ApplicationIdentifier | PersonIdentifier | CustomContentDate | CustomContentString | CustomContentBit
1 | 1~3~2~7 | null | Some Content | null
This table was my winner. Note the PersonIdentifier column, it needs to be foreign key’d to Table1 in order to get some specific data but the only way to do so is string manipulation. The 1~3~2~7 maps to the same person as my example in Table1 uses. So they have views around that look like this:
Select Left(PersonIdentifier,1) as CountryID, Mid(PersonIdentifier,3,1) as StateID, Mid(PersonIdentifier,5,1) as ZIPID, Mid(PersonIdentifier,7,1) as PersonID, etc
and then they would join those views to Table1, and other tables. Then those views would have more views joining them together, I have a stack of approx 20 queries in front of me that are joined to form one dataset. The way this is put together is so brittle, the entire thing will fail if they so much as increase the length of one of their IDs, and so much for adding indexes to increase performance, the string manipulation required to make joins makes that impossible.
That is not the last of their normalization offenses, but that’s the one I’m going to be talking about here. So you’re in my situation and you need to speed up the queries, how do you do it without breaking all of their other applications? Well I opted to create some SQL functions. I accepted there was nothing I could do to avoid the string parsing, but I could make it better. So I created a function to handle each of the different columns in the same database as the table lived, like this:
create function GetCountryFromPersonIdentifier(@PersonIdentifier varchar(128)) –Used for CountryID
returns varchar(30) as
declare @firstPos as int
declare @lastPos as int
set @firstPos = master.dbo.InString(@PersonIdentifier, ‘~’, 1)
set @lastPos = master.dbo.InString(@PersonIdentifier, ‘~’, 2) – master.dbo.InString(@PersonIdentifier, ‘~’, 1)
return Substring(@PersonIdentifier, @firstPos+1, @lastPos-@firstPos+1)
Note: this uses the InString() function I have documented in another article on this site.
Then I modified the existing table and added a column like this:
alter TABLE [dbo].[Table2] add
[CountryID] AS ([dbo].[GetCountryFromPersonIdentifier]([PersonIdentifier]))
After I was all done I had the 4 columns necessary to properly join Table2 to Table1 like so:
Select * from Table1
inner join Table2 on
Table1.CountryID = Table2.CountryID and Table1.StateID = Table2.StateID and Table1.ZIPID = Table2.ZIPID and Table1.PersonID = Table2.PersonID
So from now on no one has to write the dreaded left() and mid() statements again, as well since I determined where the ~ were in the string dynamically they could now increase the length of their unique identifiers and not break the system (well, at least not break my systems).

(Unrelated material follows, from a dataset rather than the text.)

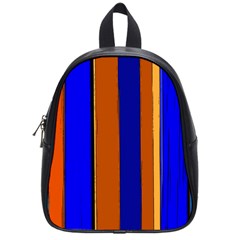 Abstract Blue And Orange 930 School Bag (small) by KorokStudios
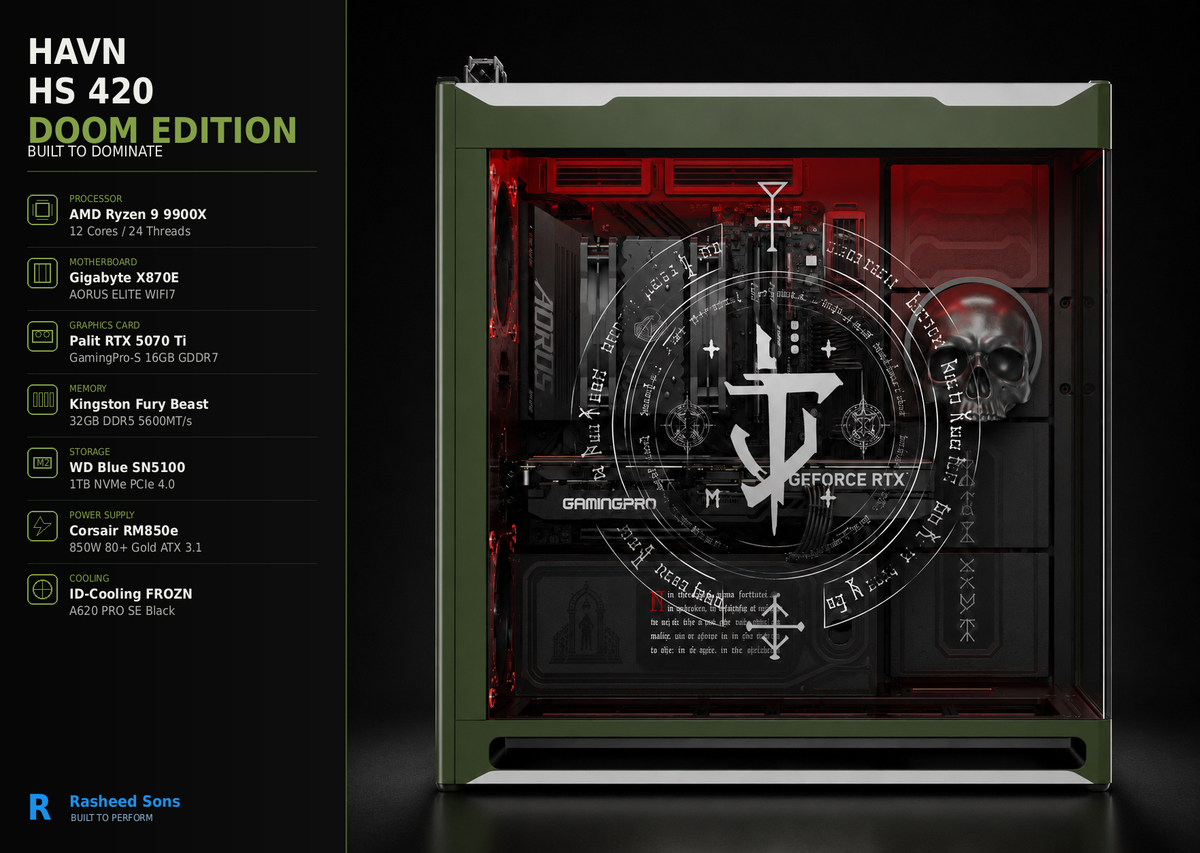 Limited edition DOOM Themed Gaming PC Ryzen 9 9900x,32 GBs Ram, RTX 5070 Ti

Unfortunately I wasn’t able to add indexes to my new fields. That is supposed to be available but it appears to me that the version of SQL server they are running doesn’t support it. However I could now go into the cascading sets of queries they had and make just one nearly one-pass SQL statement.
Perhaps I’ll add more on this system and it’s challenges in the future, like for example how they managed to get Table2 to contain both the field definitions and the data for their different components.